How could I release gpu memory of keras


Training models with kcross validation(5 cross), using tensorflow as back end.

Every time the program start to train the last model, keras always complain it is running out of memory, I call gc after every model are trained, any idea how to release the memory of gpu occupied by keras?

for i, (train, validate) in enumerate(skf):
	model, im_dim = mc.generate_model(parsed_json["keras_model"], parsed_json["custom_model"], parsed_json["top_model_index"], parsed_json["learning_rate"])
	training_data = _generate_train_data(im_dim, parsed_json["train_dir"], int(parsed_json["train_batch_size"]))
	testing_data = _generate_train_data(im_dim, parsed_json["val_dir"], int(parsed_json["test_batch_size"]))

	checkpoint = ModelCheckpoint(parsed_json["trained_model_name"] + "cross" + str(index) + ".h5", monitor='val_loss', verbose=0, 
                                 save_best_only=True, save_weights_only=False, mode='auto', period=1)
	index = index + 1
	callback_list = [checkpoint]
	start_time = time.time()

	training_history = model.fit_generator(training_data,
                                           nb_epoch = int(parsed_json["nb_epoch"]),
                                           callbacks = callback_list)
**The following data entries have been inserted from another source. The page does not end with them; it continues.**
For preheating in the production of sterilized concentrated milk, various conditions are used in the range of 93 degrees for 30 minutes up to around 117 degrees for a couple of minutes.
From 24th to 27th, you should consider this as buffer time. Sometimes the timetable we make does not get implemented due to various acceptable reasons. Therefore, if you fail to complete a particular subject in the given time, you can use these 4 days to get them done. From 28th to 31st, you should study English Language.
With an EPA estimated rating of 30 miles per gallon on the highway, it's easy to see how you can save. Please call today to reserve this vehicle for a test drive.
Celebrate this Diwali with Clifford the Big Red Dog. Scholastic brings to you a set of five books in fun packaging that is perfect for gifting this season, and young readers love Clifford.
	gc.collect() //cross my finger and beg gc can help me release memory


Is your last model the exact same as previous models? Or is it a different architecture?
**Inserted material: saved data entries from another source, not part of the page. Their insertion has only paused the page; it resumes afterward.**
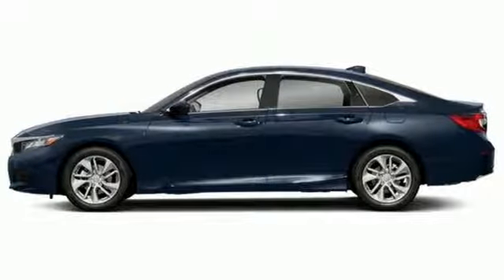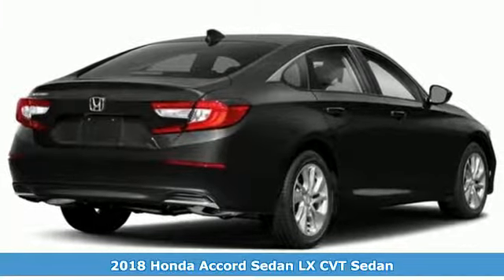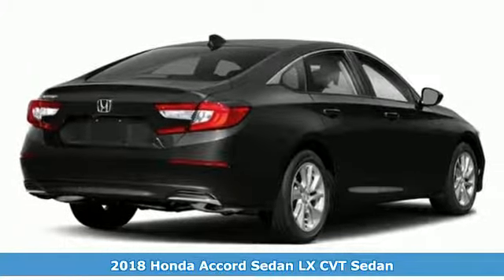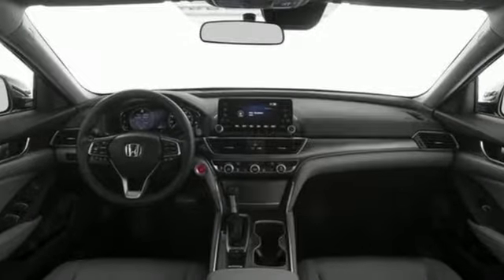It's a 2018 Honda Accord sedan. Year after year the Accord is showered with awards and praise. Take a look and it's easy to see why. Drive it and you'll know why. And get ready for an impressive combination of features.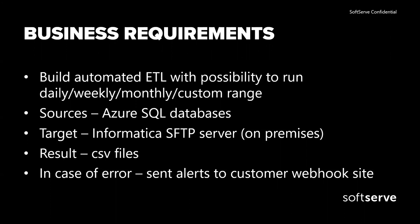The target was an on-premise SFTP server, and it was important to know that it was located in a private network. So it wasn't straightforward to connect to it from Azure Data Factory. As a result, the output should be CSV files with a defined structure. The last requirement was to send errors using Azure webhooks to the customer site.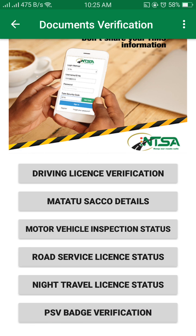Here you get options including driving license verification, circle details, motor vehicle inspection status, load service license status, night travel license status, and PSV badge status.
same model, change nothing, to help gc release, I add one more line before I call it

model = None

Any recommended way to force python release memory? I search by google, some posts say gc.collect() will force gc of python release non-reference memory, but it do not work in this case, wonder what happen, do keras allocate memory globally?


Try del model That should immediately remove the model variable from memory.


Thanks, I try this

del model

Still have no luck. do keras got memory leak issue?
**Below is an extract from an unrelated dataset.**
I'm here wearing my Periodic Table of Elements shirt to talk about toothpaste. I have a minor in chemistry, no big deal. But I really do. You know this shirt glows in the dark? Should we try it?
Can you copy and paste the error message here?

(Vitor A Batista) #7

I was having exactly same issue. I solved by also deleting the training_history variable. Here is my piece of code that doesn’t have memory leakage. Looks like training_history keeps some pointer to GPU memory.

for fold, (train_clusters_index, valid_clusters_index) in enumerate(kf):
	model = create_model(TRAINABLE_VGG, include_top=INCLUDE_TOP)

	train_fold_id = folds.index[folds.isin(clusters[train_clusters_index])]
	valid_fold_id = folds.index[folds.isin(clusters[valid_clusters_index])]

	train_index = np.where(np.in1d(train_id, train_fold_id))[0]
	valid_index = np.where(np.in1d(train_id, valid_fold_id))[0]

	if SAMPLE < 1:
		train_index = subsample(train_index, SAMPLE)
		valid_index = subsample(valid_index, SAMPLE)

	X_train = train_data[train_index]
	Y_train = train_target[train_index]
	X_valid = train_data[valid_index]
	Y_valid = train_target[valid_index]

	base_model = Y_train.mean(axis=0)
	train_baseline = log_loss(Y_train, np.tile(base_model, len(Y_train)).reshape(-1, (len(base_model))))
	valid_baseline = log_loss(Y_valid, np.tile(base_model, len(Y_valid)).reshape(-1, (len(base_model))))

	num_fold += 1
	print('Start KFold number {} from {}'.format(num_fold, num_folds))
	print('Split train:', len(X_train), 'Baseline: %7.5f' % train_baseline)
	print('Split valid:', len(X_valid), 'Baseline: %7.5f' % valid_baseline)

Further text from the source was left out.